• **Task prompt**
Set down, word for word, each line from the top of the data through the line that has "May include: A"; omit every picture.

• **Data**
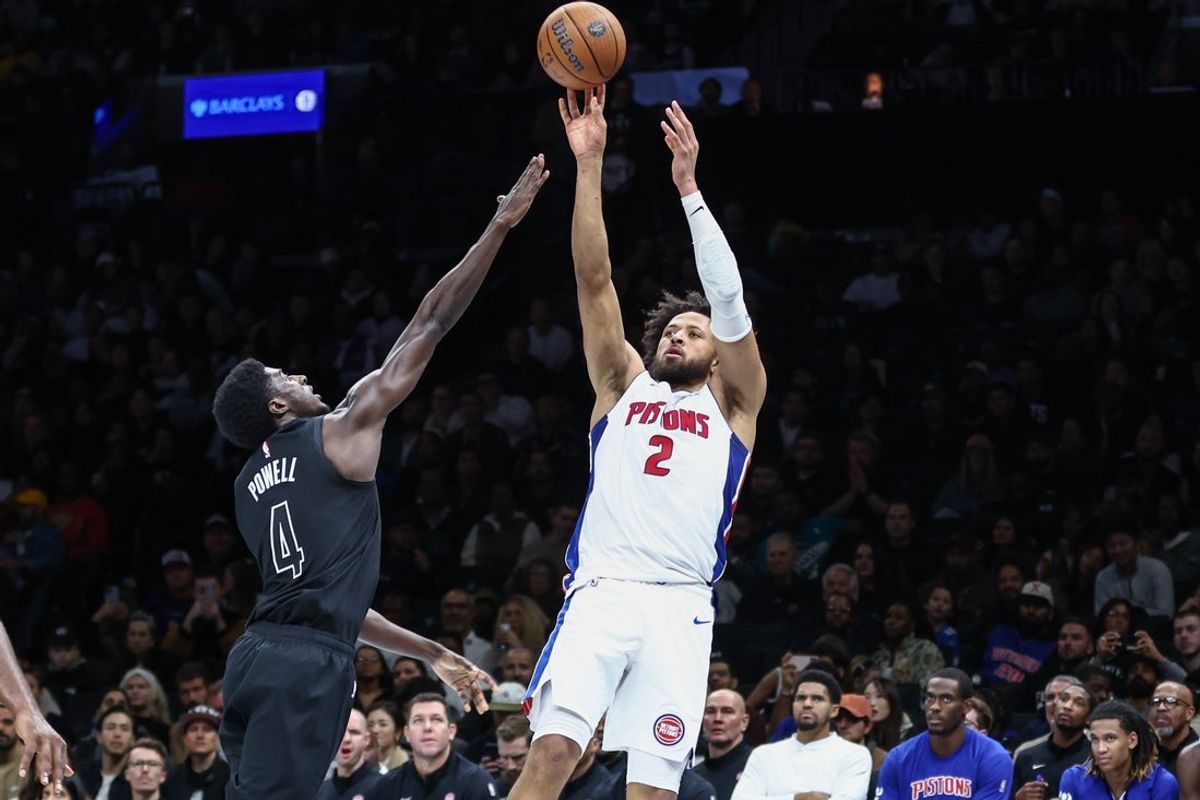 Nov 7, 2025; Brooklyn, New York, USA;  Detroit Pistons guard Cade Cunningham (2) takes a three point shot past Brooklyn Nets guard Drake Powell (4) in the second quarter at Barclays Center. Mandatory Credit: Wendell Cruz-Imagn Images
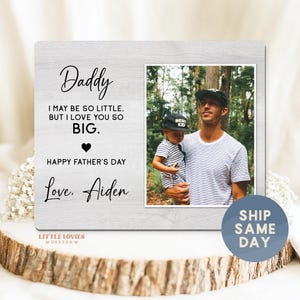 May include: A wooden picture frame with a photo of a father and child. The frame has the words "Daddy," "I may be so little, but I love you so BIG," "Happy Father's Day," and "Love, Aiden." The frame is on a wooden surface.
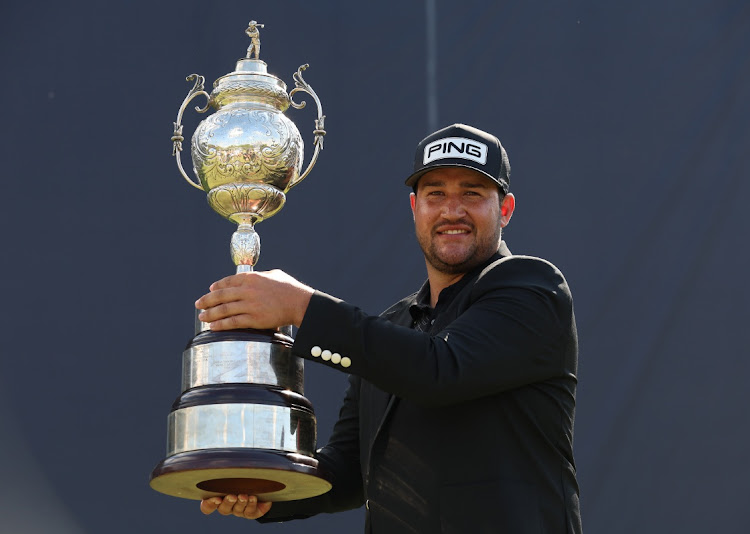 Thriston Lawrence of South Africa holds the winners trophy during Day Four of the Investec South African Open Championship at Blair Atholl Golf & Equestrian Estate on December 4 2022 in Johannesburg, South Africa. Picture: GETTY IMAGES/LUKE WALKER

• **Exercise solution**
 Nov 7, 2025; Brooklyn, New York, USA;  Detroit Pistons guard Cade Cunningham (2) takes a three point shot past Brooklyn Nets guard Drake Powell (4) in the second quarter at Barclays Center. Mandatory Credit: Wendell Cruz-Imagn Images
 May include: A wooden picture frame with a photo of a father and child. The frame has the words "Daddy," "I may be so little, but I love you so BIG," "Happy Father's Day," and "Love, Aiden." The frame is on a wooden surface.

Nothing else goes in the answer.